= Beginning of Section =
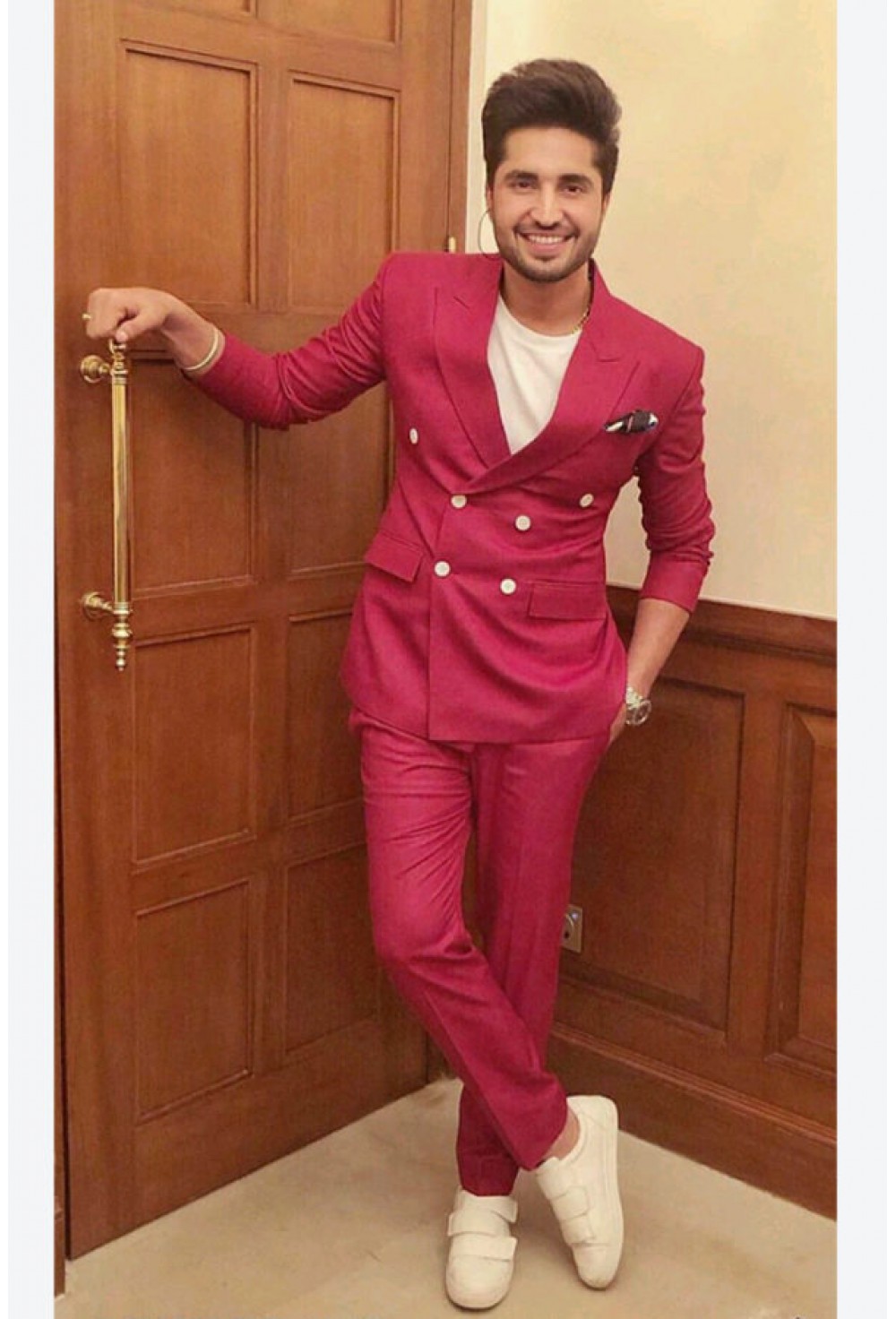 Double Breasted 2-Piece Suit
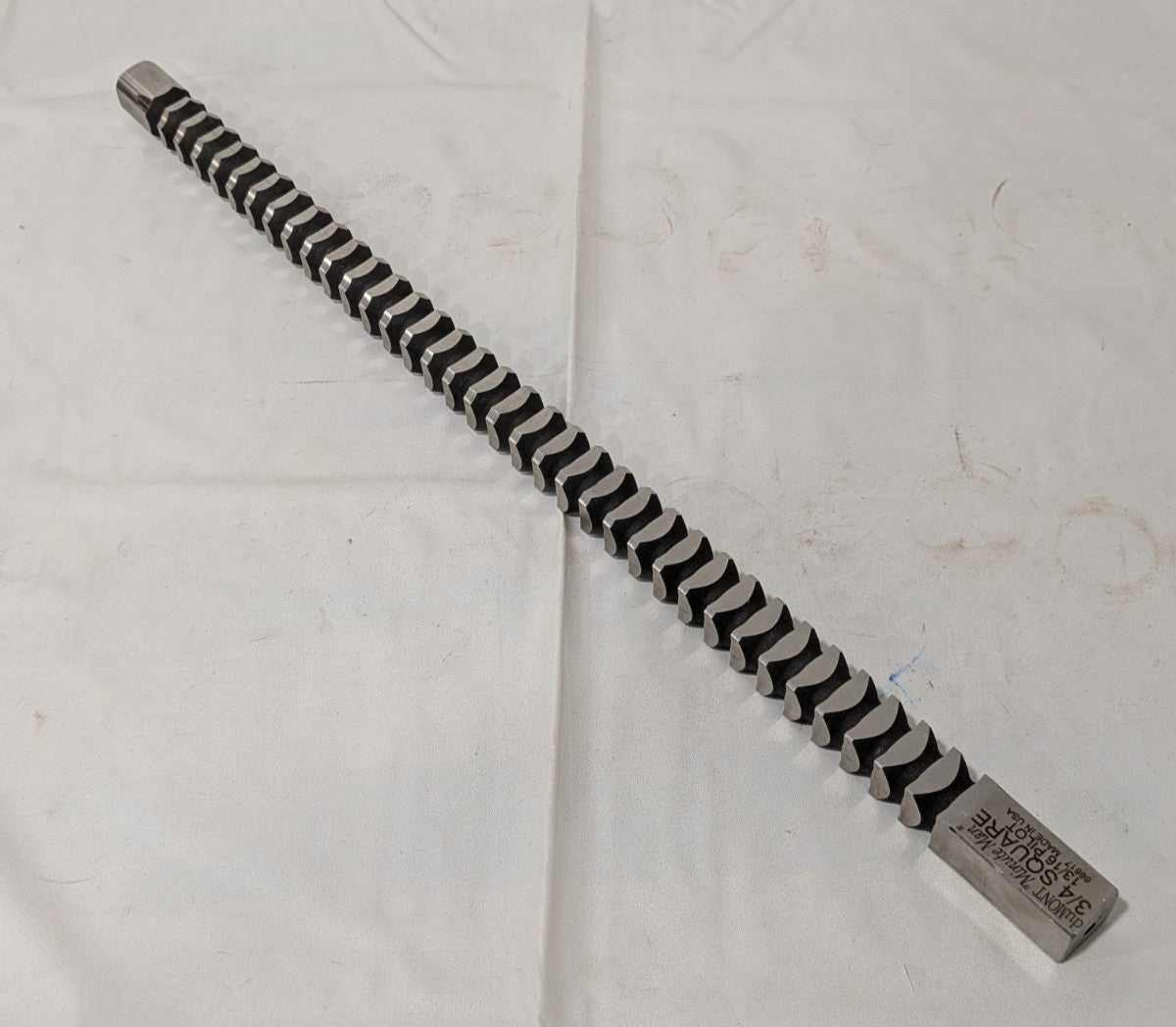 Dumont Square Broach 3/4" x 17-3/4" OAL, 13/16" Pilot Hole Dia 66617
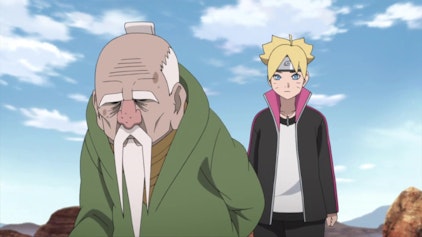 Boruto: Naruto Next Generations Kozuchis Wille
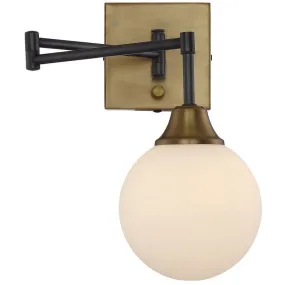 1-Light Adjustable Wall Sconce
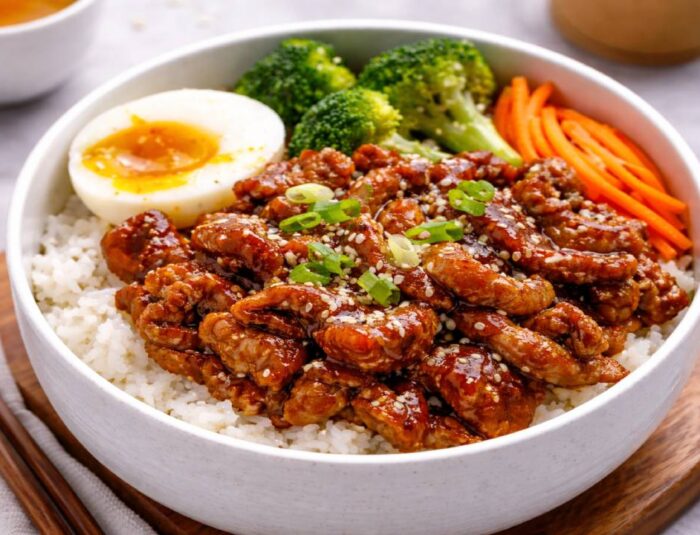 Beef Teriyaki Rice Bowl, Hidangan Kekinian Favorit Anak Muda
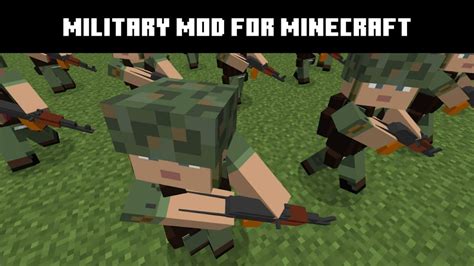 Military Mods For Minecraft For Android Download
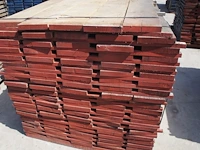 0,72 m³ eiken planken 30mm rustiek - afbeelding 3 van  4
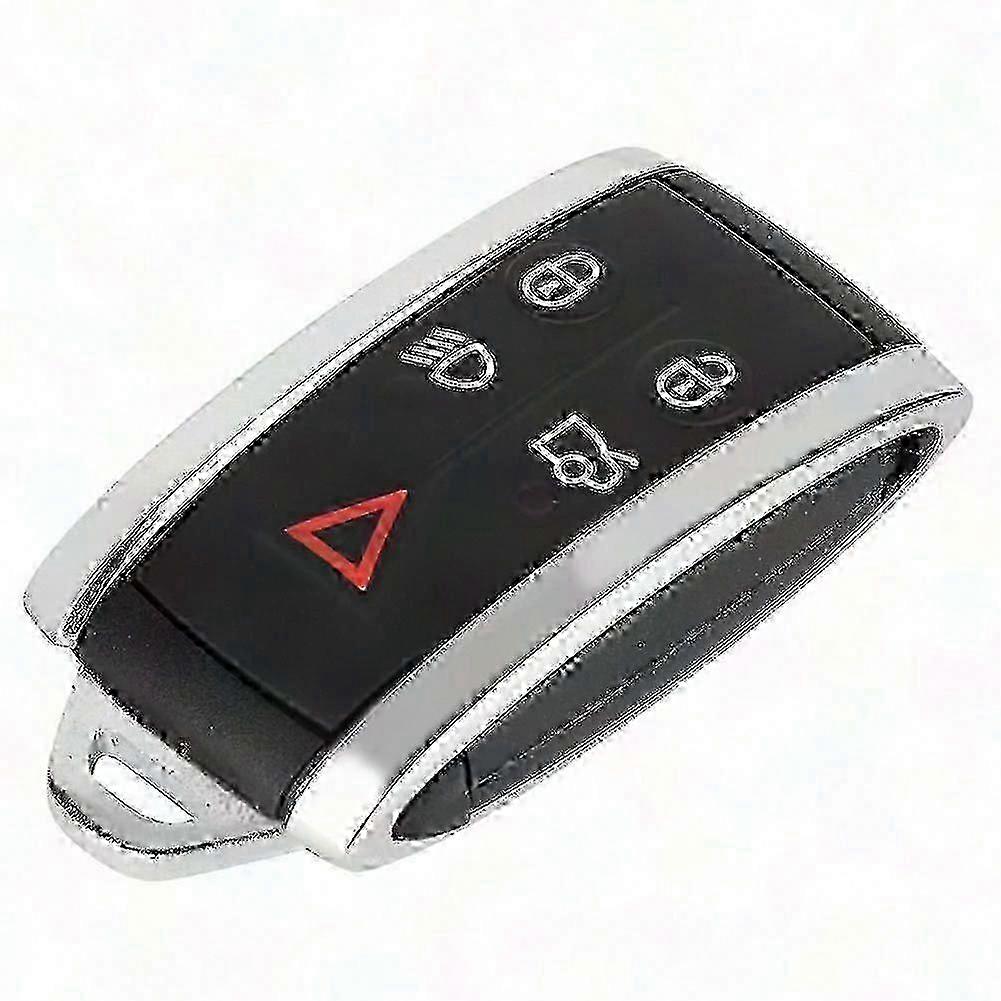 Jaguar XF 2009-2012 5-Button Remote Key Fob Shell Case Replacement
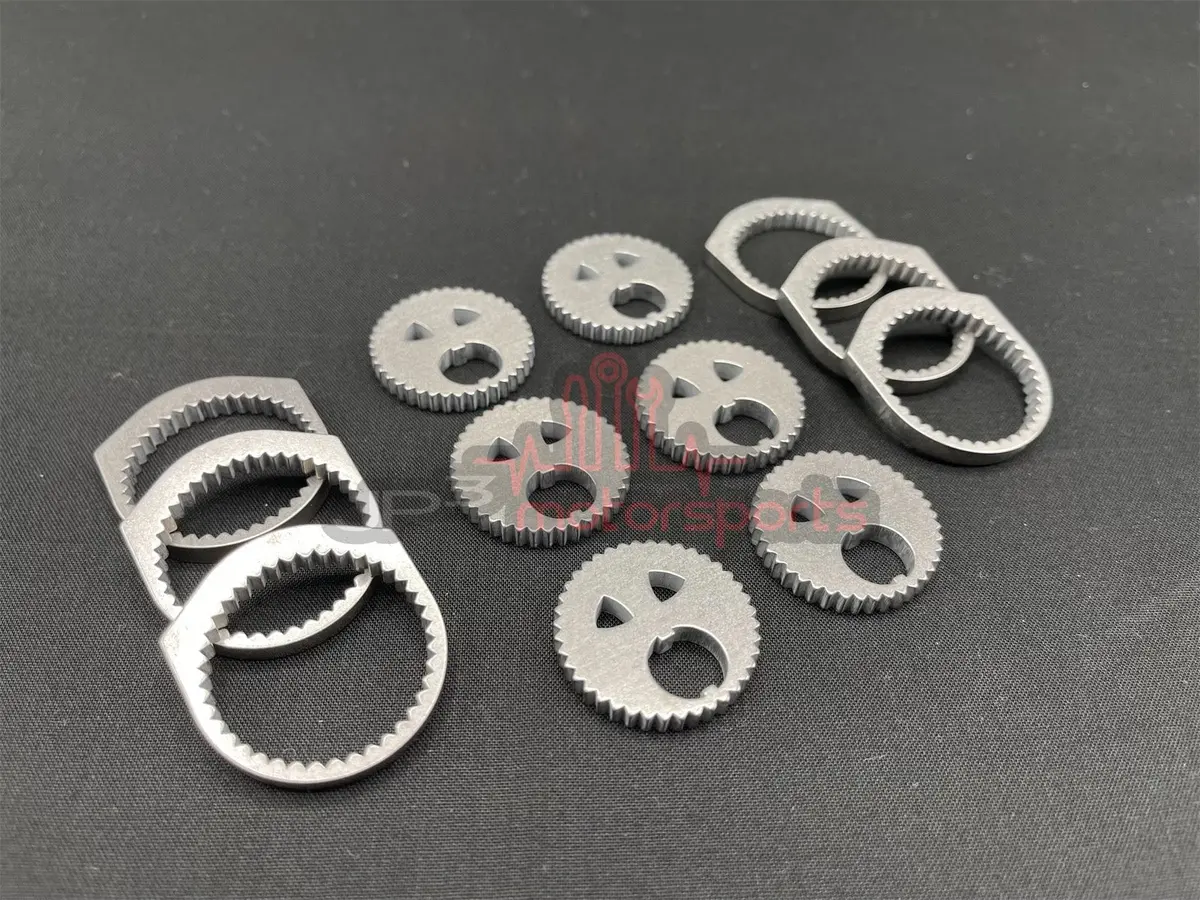 Mazda Rx7 Fd3s Eccentric Lower Control Arm Lock Washers (H Bolt) 1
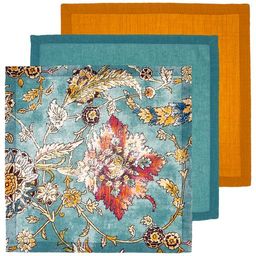 НАБОР САЛФЕТОК ИЗ 3Х ШТ 40Х40, АНТИК,Х/Б 100 - Lefard фото 2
= End of Section =
* Task requirements *
Go back to the listing above and reproduce, exactly, the stretch from the line bearing "Beef Teriyaki Rice" through the line bearing "Mazda Rx7 Fd3s", without its pictures.

* Answer to the problem *
 Beef Teriyaki Rice Bowl, Hidangan Kekinian Favorit Anak Muda
 Military Mods For Minecraft For Android Download
 0,72 m³ eiken planken 30mm rustiek - afbeelding 3 van  4
 Jaguar XF 2009-2012 5-Button Remote Key Fob Shell Case Replacement
 Mazda Rx7 Fd3s Eccentric Lower Control Arm Lock Washers (H Bolt) 1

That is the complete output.